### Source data
+-------+

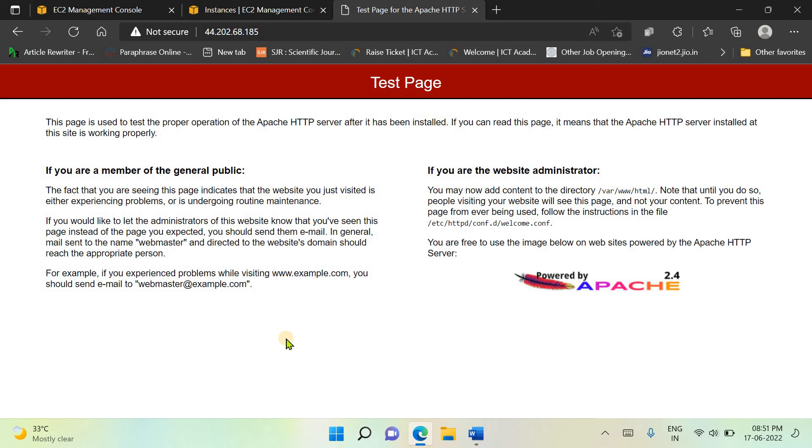Here you can see this is the test page of Apache server. We have not installed anything or run anything with the Apache server, so it simply has displayed the test page. That's it for this video. See you in the next video where we will also launch an HTML page with this Apache server. Till then, bye and take care.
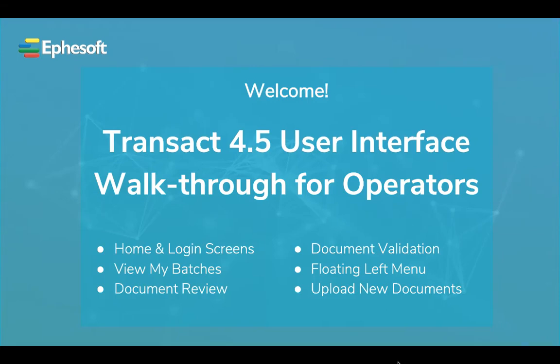Hello and welcome to the Episoft recording on Transact version 4.5 User Interface Walkthrough for Operators. My name is Eric Scott and I am one of the Professional Services Consultants here at Episoft.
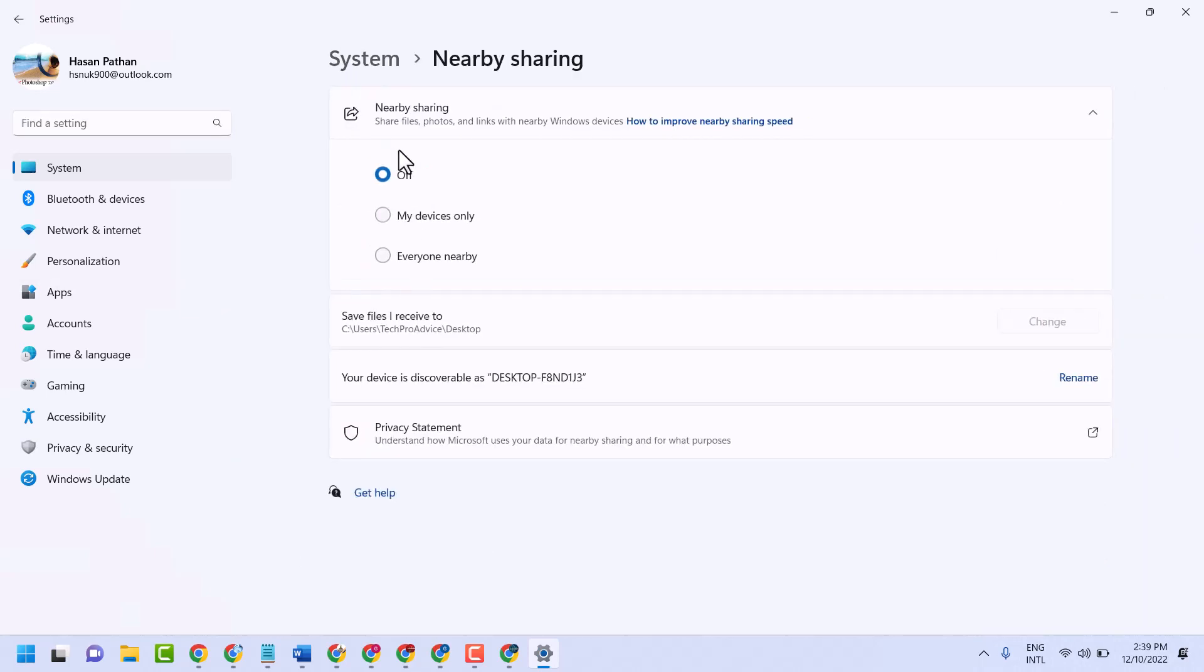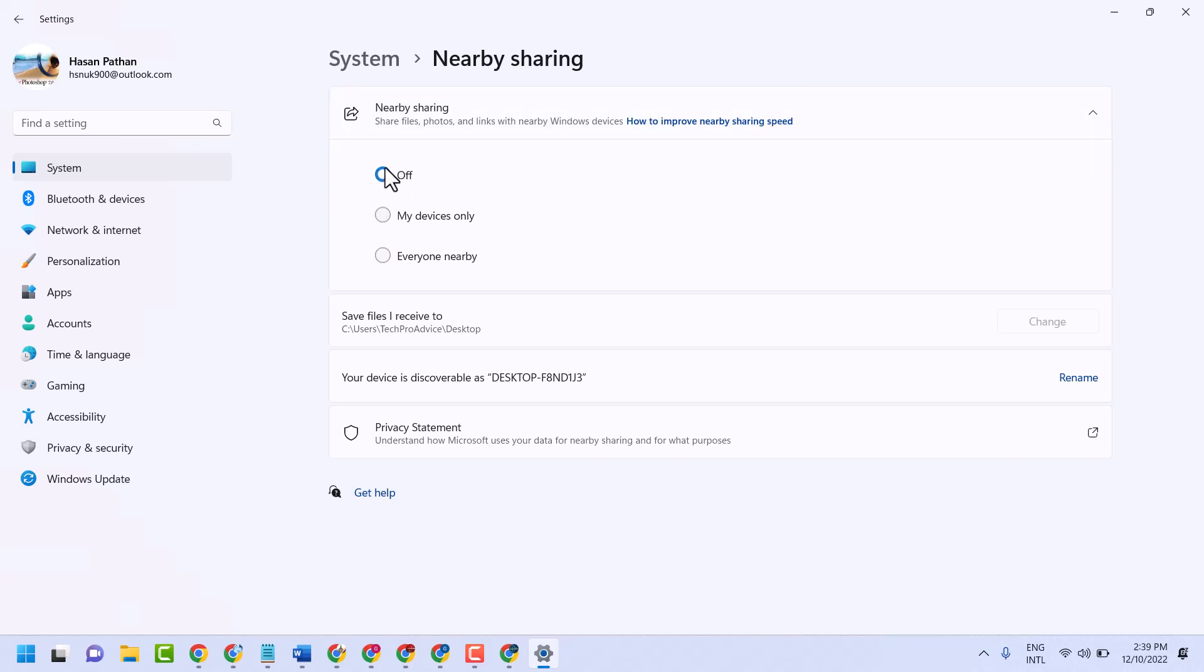Here is the first option, share files, photos and links with nearby Windows devices. You can turn on and turn off. If you need to disable and turn off, select this off option.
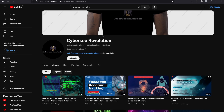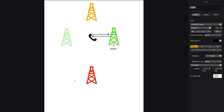In simple terms, triangulation involves using signals from multiple cell towers to determine the location of our phone. By knowing the speed of signal transmission, we can calculate the distance between our phone and each tower. As you can see in this diagram, here is our mobile phone and we have four cell towers — first, second, third, fourth. Our mobile phone will try to connect to the nearest cell tower.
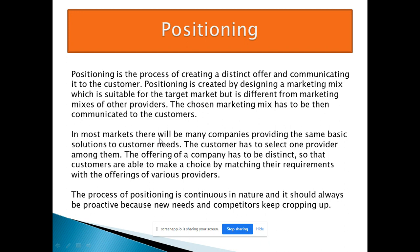In most markets, many companies provide the same basic solution to customer needs, so the customer has to select one provider among them. The company's offering has to be distinct so that the customer is able to make a choice by matching their requirements with the offerings of various providers. With so many brands and companies available, a customer chooses based on packaging, offering, and customer service — these are how you position yourself in the customer's mind.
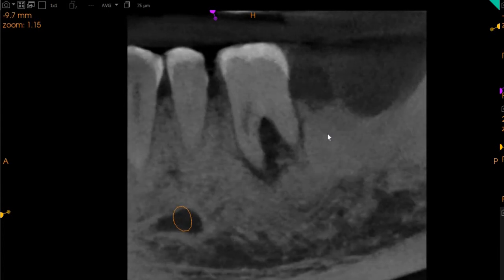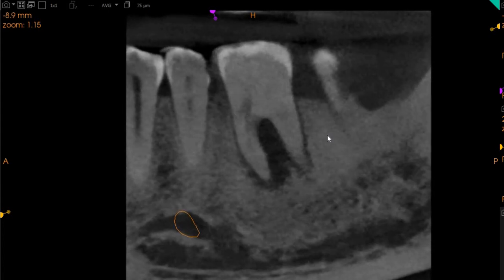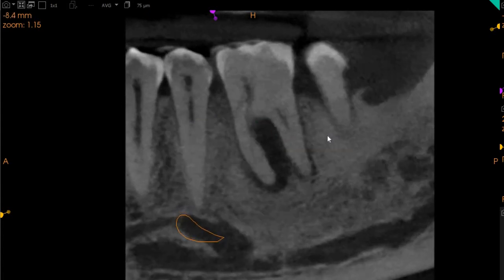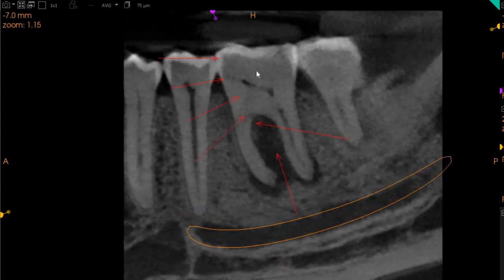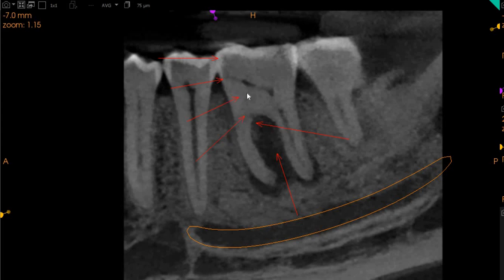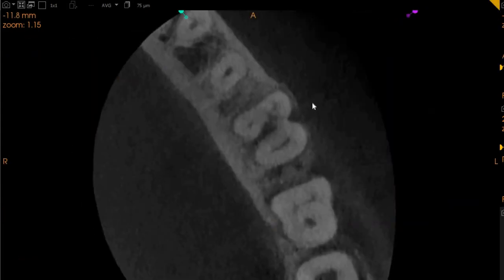Moving to the middle of the tooth where the furcation is, we can also see another line of crack. We have marked at different intervals where the crack can be seen extending into the inter-radicular area. Again here is a J-shaped radiolucency, and here the crack is very clearly visible.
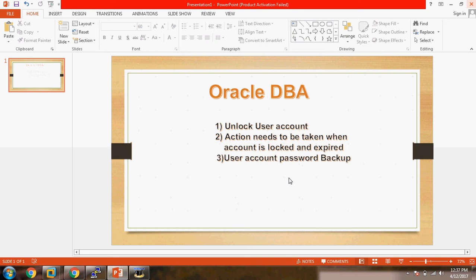Hello guys, this is Ankush. Today we are going to cover three important topics which you see in your daily DBA life. The first one is how to unlock a user account. The second one is what actions need to be taken when the account is locked and expired. The third one is how to take a backup of the user account password.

+-------+

### Work task
Retype all entries above verbatim; no pictures belong in the copy.

### Result below
Here you can see this is the test page of Apache server. We have not installed anything or run anything with the Apache server, so it simply has displayed the test page. That's it for this video. See you in the next video where we will also launch an HTML page with this Apache server. Till then, bye and take care.
Hello and welcome to the Episoft recording on Transact version 4.5 User Interface Walkthrough for Operators. My name is Eric Scott and I am one of the Professional Services Consultants here at Episoft.
Here is the first option, share files, photos and links with nearby Windows devices. You can turn on and turn off. If you need to disable and turn off, select this off option.
In simple terms, triangulation involves using signals from multiple cell towers to determine the location of our phone. By knowing the speed of signal transmission, we can calculate the distance between our phone and each tower. As you can see in this diagram, here is our mobile phone and we have four cell towers — first, second, third, fourth. Our mobile phone will try to connect to the nearest cell tower.
In most markets, many companies provide the same basic solution to customer needs, so the customer has to select one provider among them. The company's offering has to be distinct so that the customer is able to make a choice by matching their requirements with the offerings of various providers. With so many brands and companies available, a customer chooses based on packaging, offering, and customer service — these are how you position yourself in the customer's mind.
Moving to the middle of the tooth where the furcation is, we can also see another line of crack. We have marked at different intervals where the crack can be seen extending into the inter-radicular area. Again here is a J-shaped radiolucency, and here the crack is very clearly visible.
Hello guys, this is Ankush. Today we are going to cover three important topics which you see in your daily DBA life. The first one is how to unlock a user account. The second one is what actions need to be taken when the account is locked and expired. The third one is how to take a backup of the user account password.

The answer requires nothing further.